In 2017, Anne Lafont boldly pointed out that art history, as the study of the visual, is a “remarkably efficient tool” for studying race as a construct likewise rooted in the visual.1  With her 2019 book L’art et la race: L’African (tout) contre l’œil des Lumières, Lafont demonstrates both how right she was and just how much more work there is to do.

In the introduction to her book, Lafont poses the question of how to address the development of the image of the African over the long eighteenth century—a topic as large, important, and difficult as that of the depiction of race. This book is intended to address this topic, primarily though not exclusively in the French context, in order to both to bring to the fore images of Black people in the long eighteenth century and to discuss how these images and objects contributed to ideas about race during a time when race as a function of physical appearance was unstable.

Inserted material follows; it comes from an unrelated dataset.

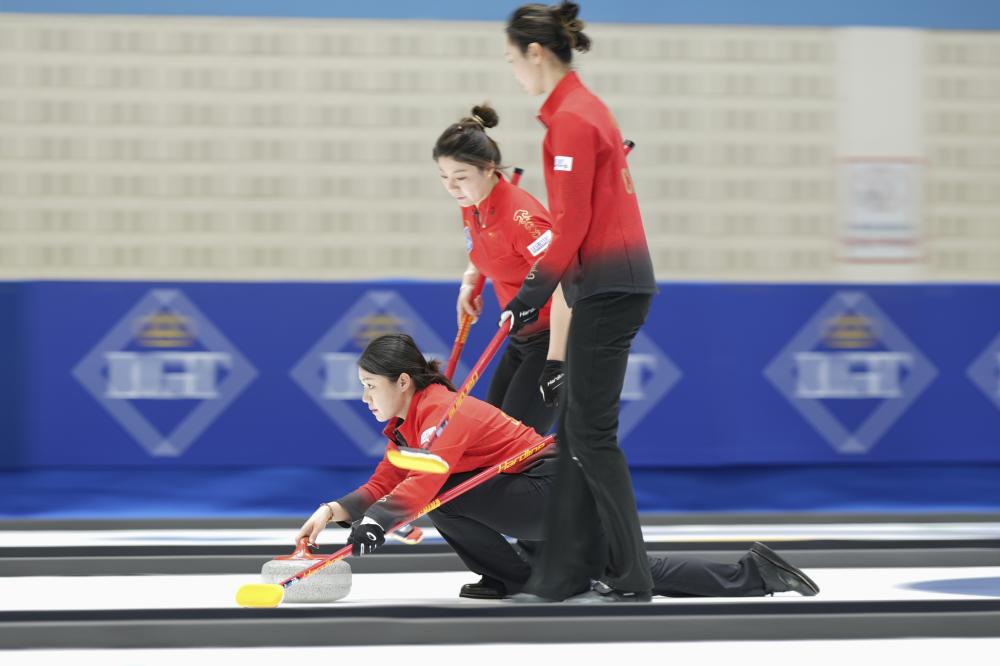 在一次拼抢 在一次拼抢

Lafont argues that her first chapter necessarily addresses whiteness because whiteness also existed as a race. Furthermore, in the eighteenth century, the increasing awareness of race created a great imperative to depict racial whiteness, most clearly expressed in the portraits of white women accompanied by Black slaves. At the end of the seventeenth century and beginning of the eighteenth, whiteness had to be actively performed. However, Lafont devotes most of her attention in this chapter to images of Africans with white skin who captivated Europe: those with vitiligo and albinism. For Lafont, the images of these people are more interesting than those displaying the whiteness of white Europeans precisely because Europeans understood Africans with vitiligo or albinism as proof that whiteness was the “true” color of humans and thus blackness was a stain, which marked Africans as less than white humans. Lafont also considers how paintings and prints depicting these people focus on women and on the depiction of their bodies as curiosities.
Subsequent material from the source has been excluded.